# [WHAT THE EXERCISE ASKS]
Exactly retype the lines from the top of the data through the line containing "The cathedral pulpit", leaving out every picture.
═════ INFORMATION GIVEN
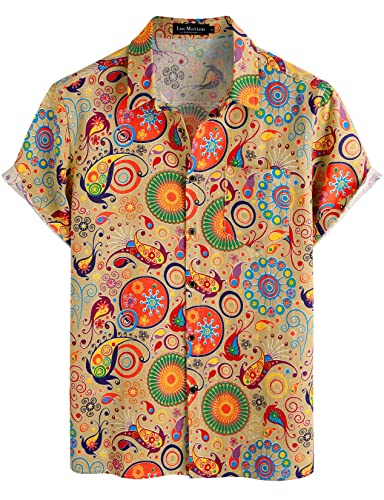 LucMatton Hawaiihemden für Herren, Baumwolle, Leinen, bedruckt mit traditionellen Motiven, Kurzarm, Knopfleiste, khaki, M von LucMatton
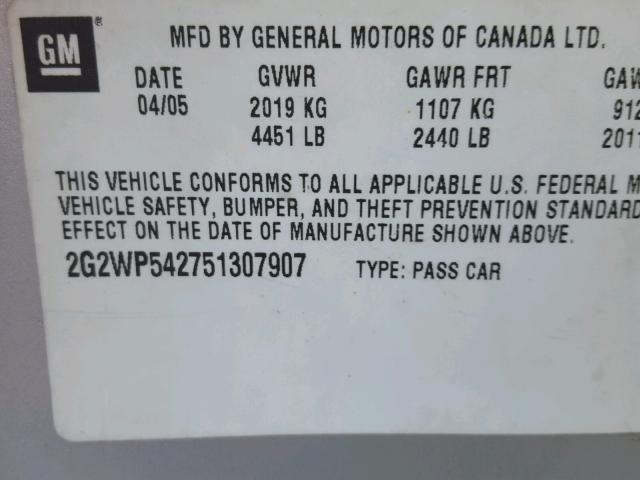 2G2WP542751307907 - 2005 PONTIAC GRAND PRIX ვერცხლისფერი ფოტო 10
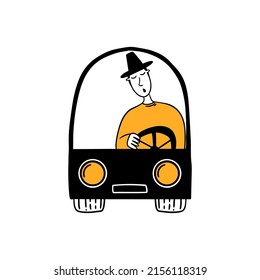 sleeping man in the car. Flat illustration.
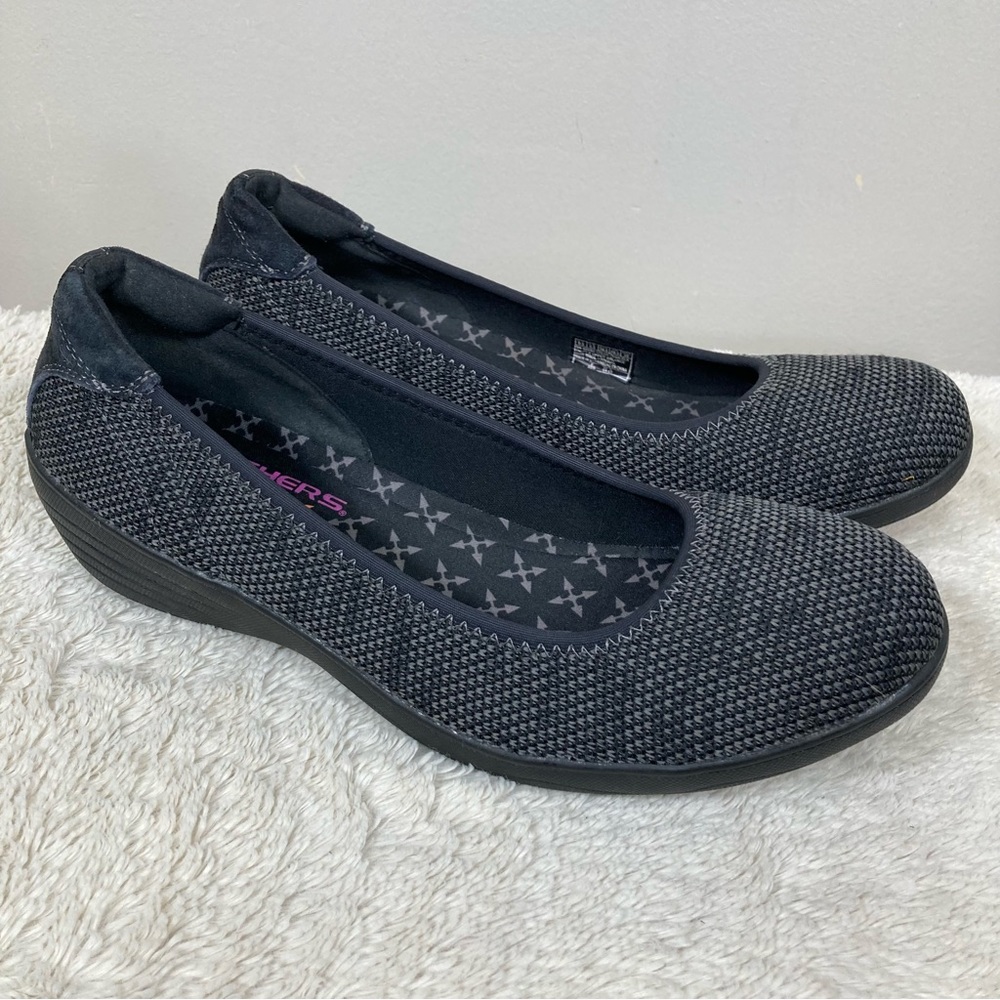 Skechers Stretch Fit Women's Slip On Black Air Cooled Memory Foam Size 9.5 Shoes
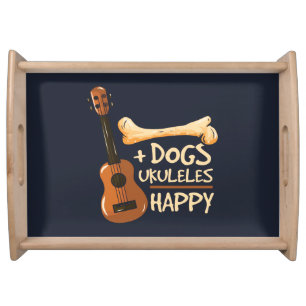 Dogs and Ukulele Makes Me Happy Novelty Serving Tray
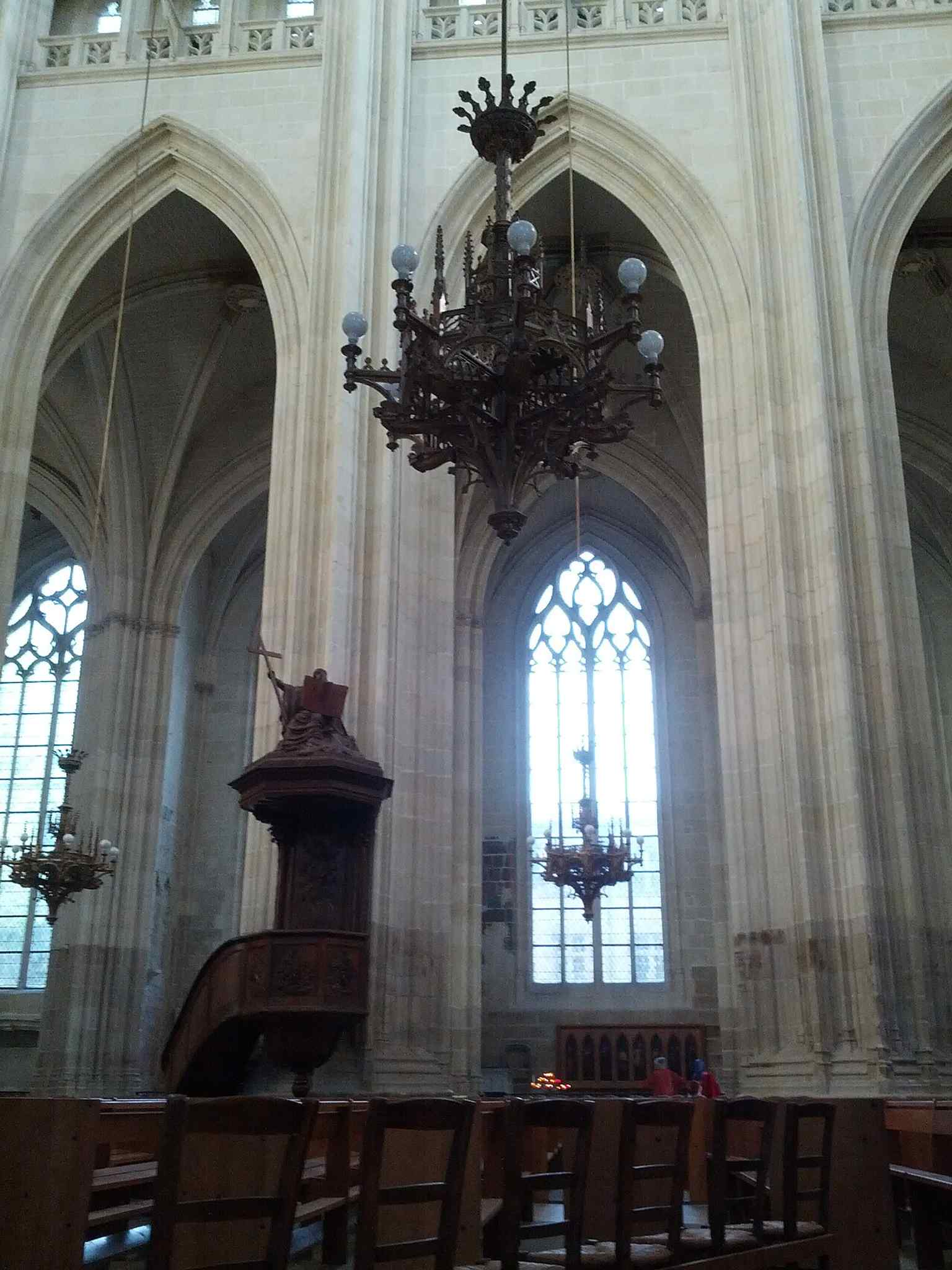The cathedral pulpit inside, a useful match for the building’s unusual tradition of preaching to large crowds gathered outside on the square.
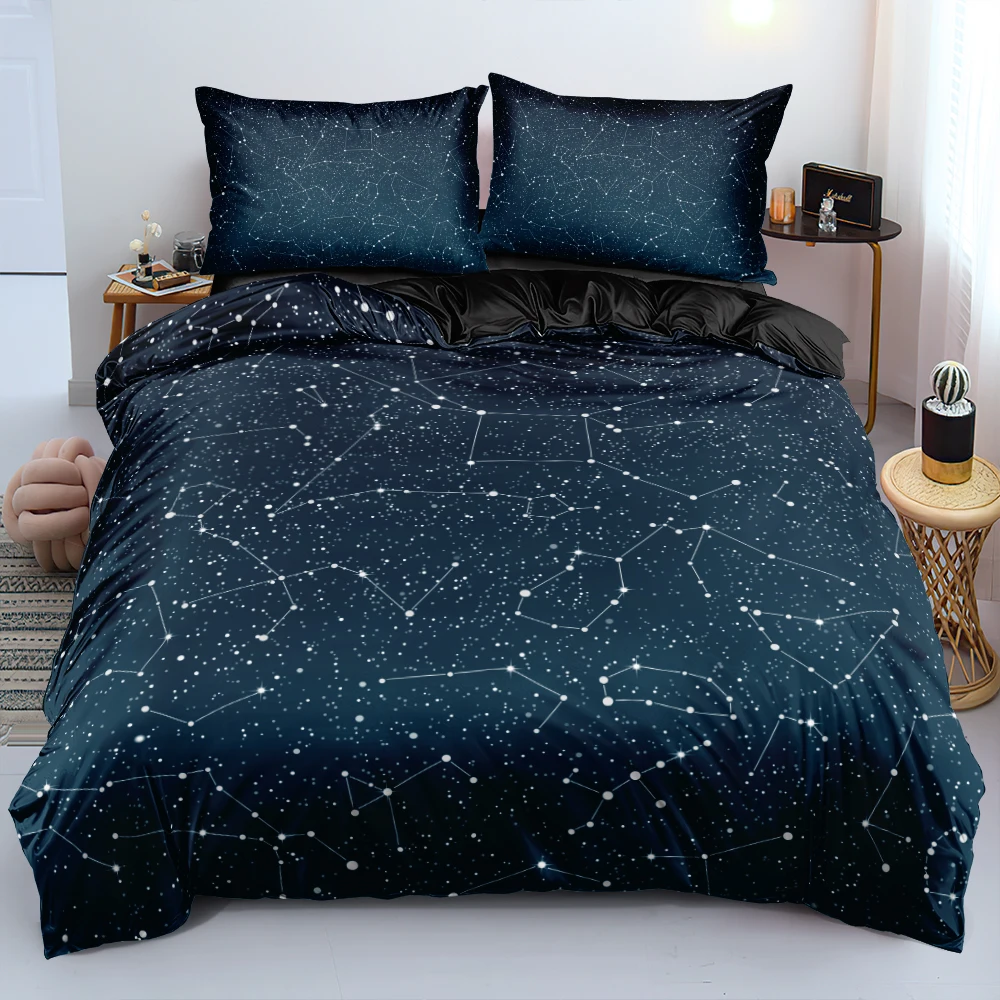 

High Quality Nebula Bed Set Soft Bedclothes With Smooth Pillowcases Single Double Queen King Sizes Microfiber Bed Linen For Home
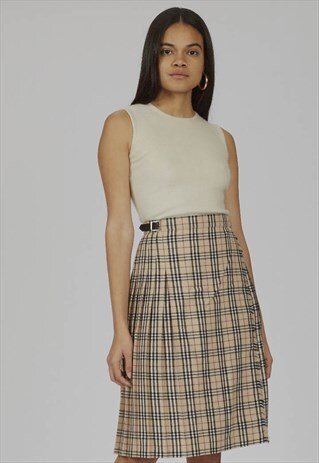 VINTAGE 2000 BURBERRY NOVA PRINT WOOL MIDI SKIRT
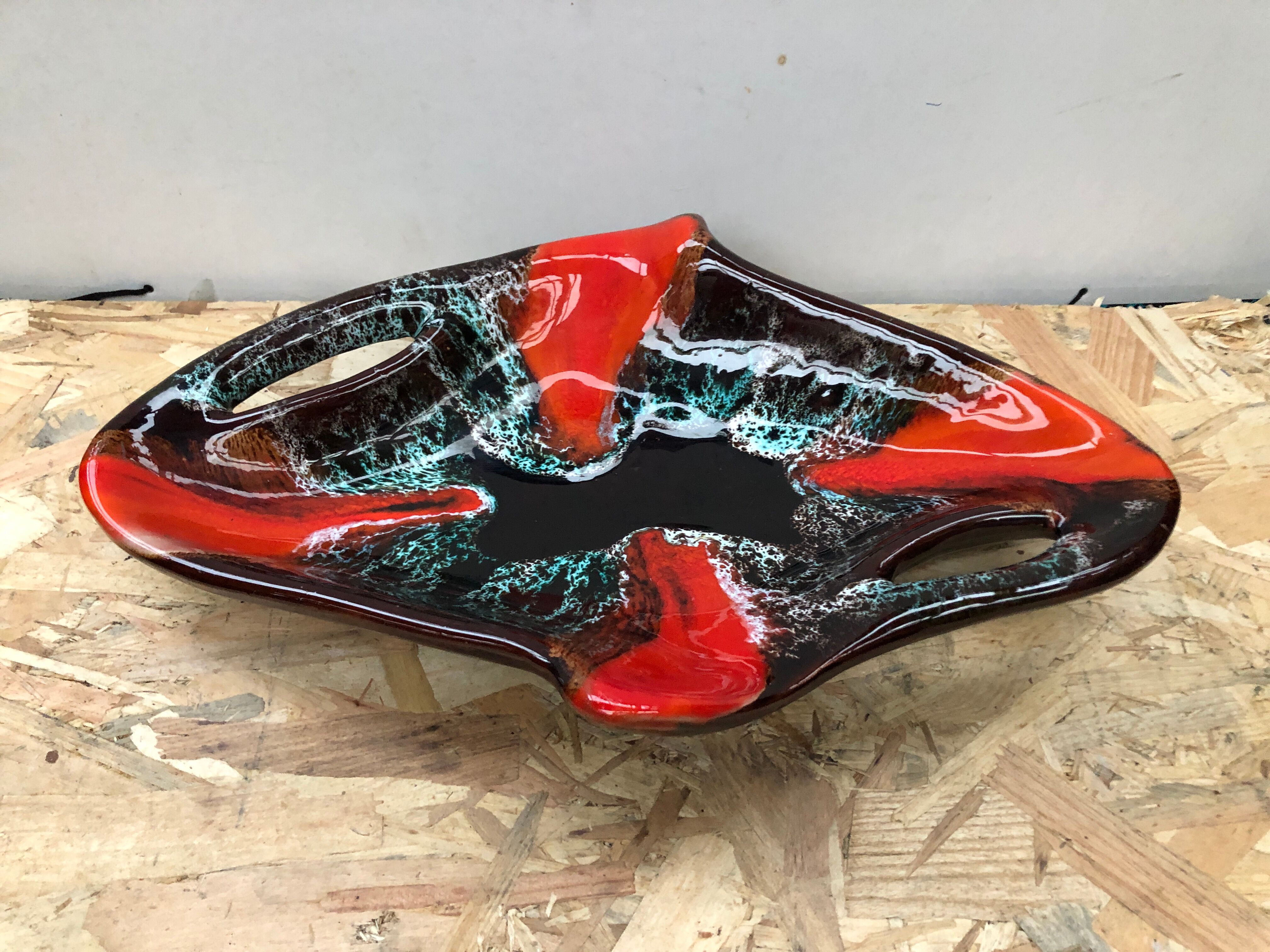 Old dish ceramic brown red black vintage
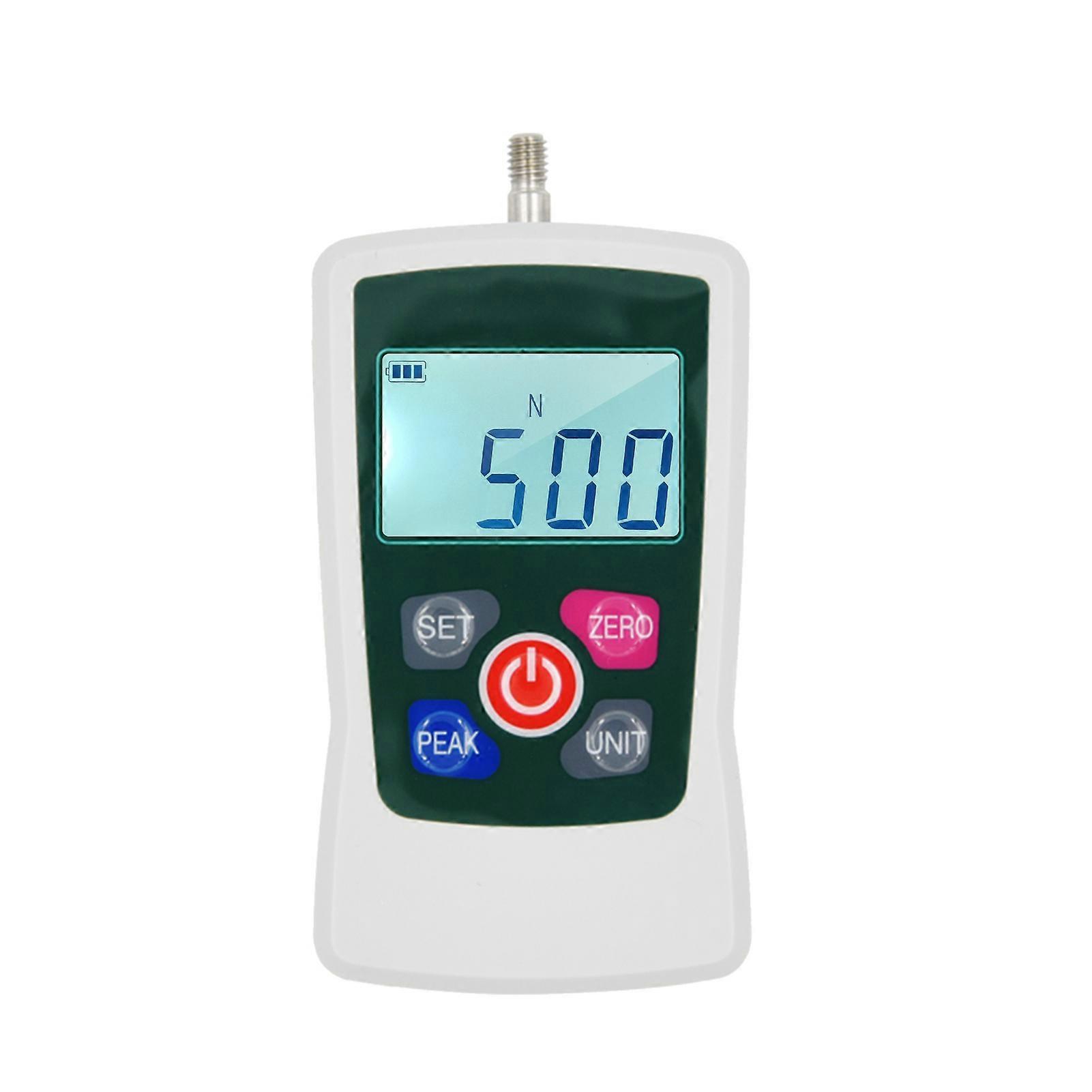 Jauge de force numérique 500N / 50 kg / 110 lb / 1760 oz Unité portable de mesure de force push-pull Mini dynamomètre rétroéclairé commutable avec 6 têtes de luminaire, Ca de stockage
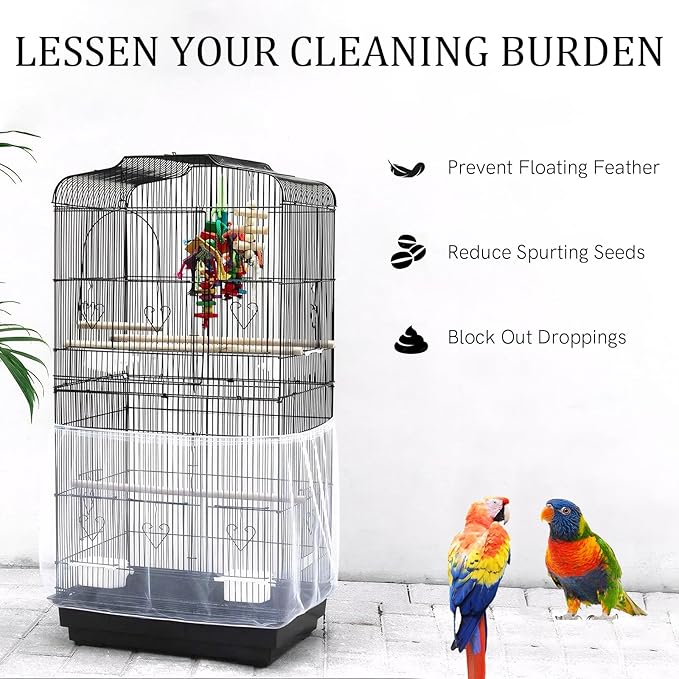 4 PCS Bird Cage Cover, Universal Bird Cage Seed Catcher, Adjustable Elastic - Image 4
══════════
# [EXPECTED ANSWER]
 LucMatton Hawaiihemden für Herren, Baumwolle, Leinen, bedruckt mit traditionellen Motiven, Kurzarm, Knopfleiste, khaki, M von LucMatton
 2G2WP542751307907 - 2005 PONTIAC GRAND PRIX ვერცხლისფერი ფოტო 10
 sleeping man in the car. Flat illustration.
 Skechers Stretch Fit Women's Slip On Black Air Cooled Memory Foam Size 9.5 Shoes
 Dogs and Ukulele Makes Me Happy Novelty Serving Tray
The cathedral pulpit inside, a useful match for the building’s unusual tradition of preaching to large crowds gathered outside on the square.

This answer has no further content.